● **DATA**:
_____
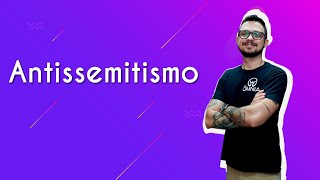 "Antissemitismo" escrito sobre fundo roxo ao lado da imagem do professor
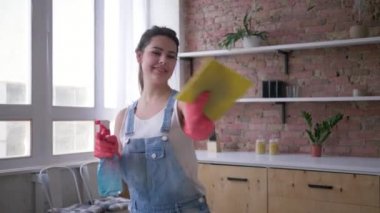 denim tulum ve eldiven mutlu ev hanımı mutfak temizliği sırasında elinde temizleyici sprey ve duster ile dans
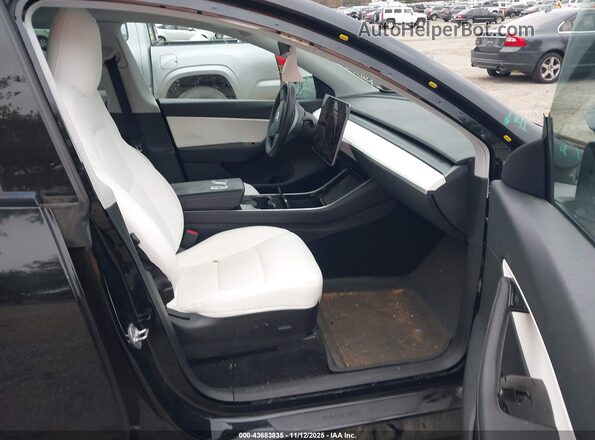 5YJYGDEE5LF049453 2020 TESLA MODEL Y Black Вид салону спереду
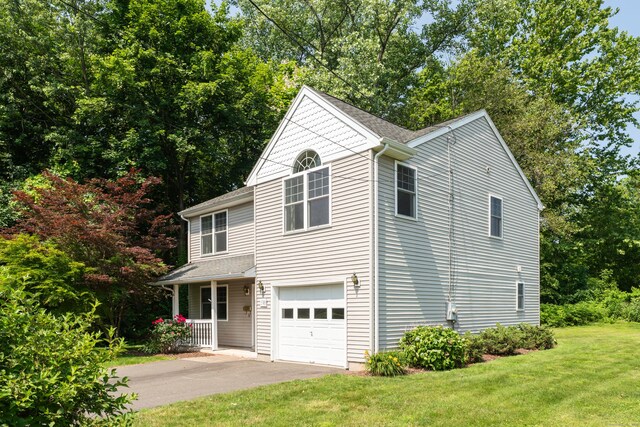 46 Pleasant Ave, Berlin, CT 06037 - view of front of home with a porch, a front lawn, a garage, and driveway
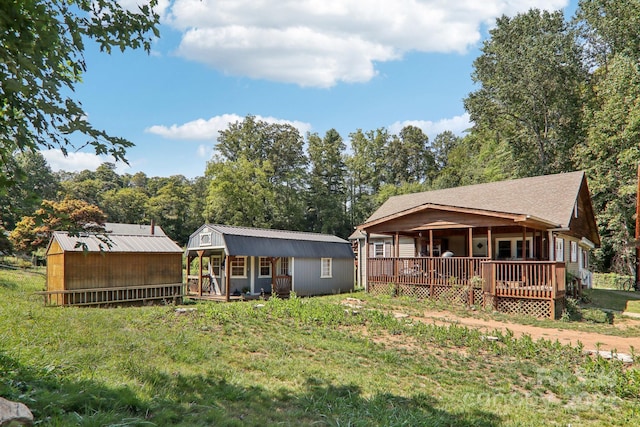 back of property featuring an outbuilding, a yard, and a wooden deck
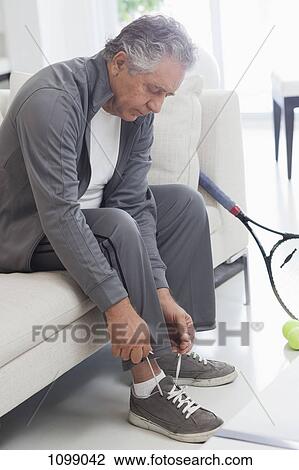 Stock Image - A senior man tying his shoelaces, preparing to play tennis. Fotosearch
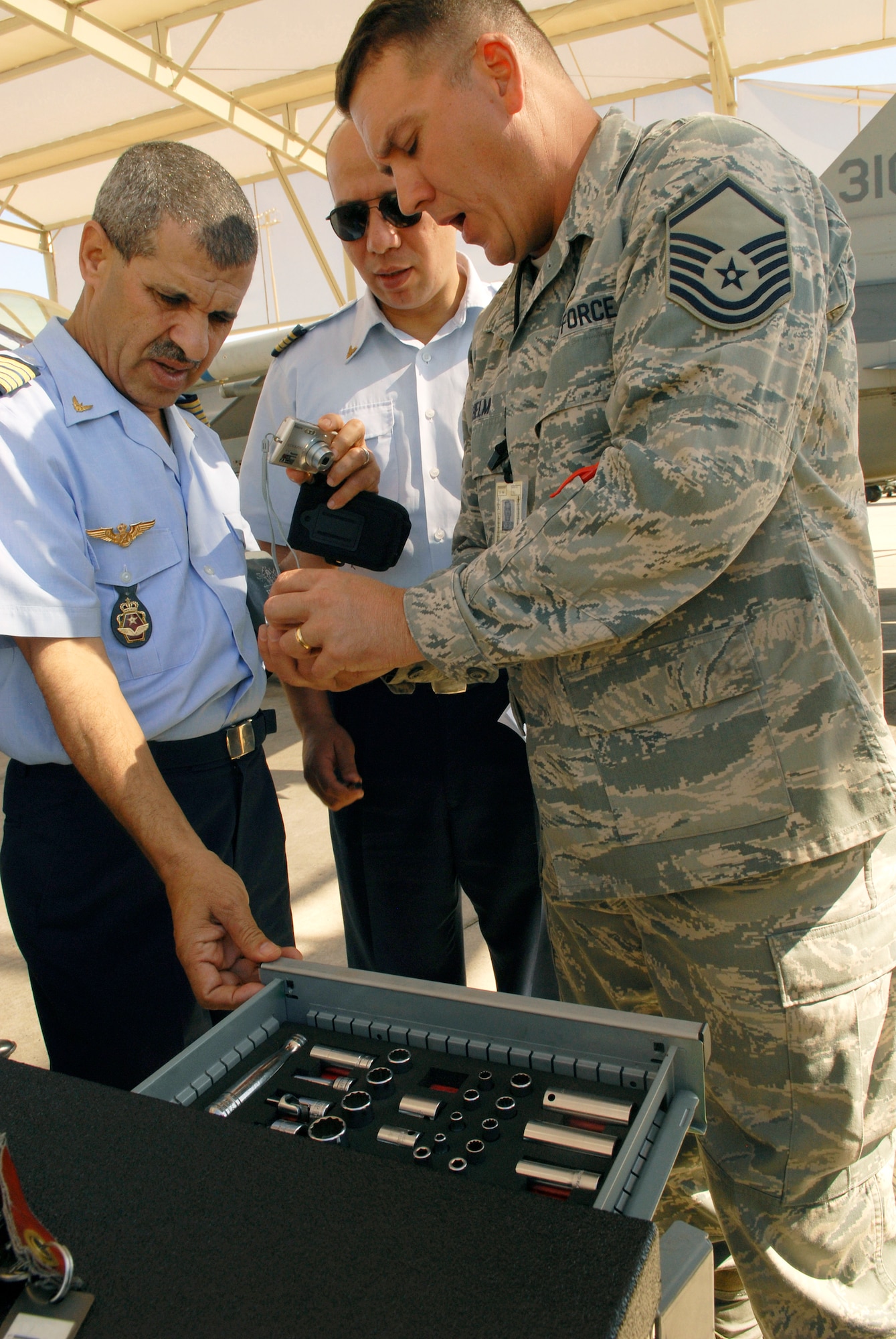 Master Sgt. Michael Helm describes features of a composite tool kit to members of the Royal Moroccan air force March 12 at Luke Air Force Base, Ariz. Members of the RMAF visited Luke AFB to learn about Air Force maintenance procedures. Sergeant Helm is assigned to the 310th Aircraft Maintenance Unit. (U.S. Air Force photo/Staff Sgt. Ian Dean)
_____
● **WHAT TO PRODUCE**:
To answer, repeat exactly the lines from the line containing "Stock Image - A" through the last line of the data above, leaving out all pictures.

● **ANSWER TO THIS EXERCISE**:
 Stock Image - A senior man tying his shoelaces, preparing to play tennis. Fotosearch
 Master Sgt. Michael Helm describes features of a composite tool kit to members of the Royal Moroccan air force March 12 at Luke Air Force Base, Ariz. Members of the RMAF visited Luke AFB to learn about Air Force maintenance procedures. Sergeant Helm is assigned to the 310th Aircraft Maintenance Unit. (U.S. Air Force photo/Staff Sgt. Ian Dean)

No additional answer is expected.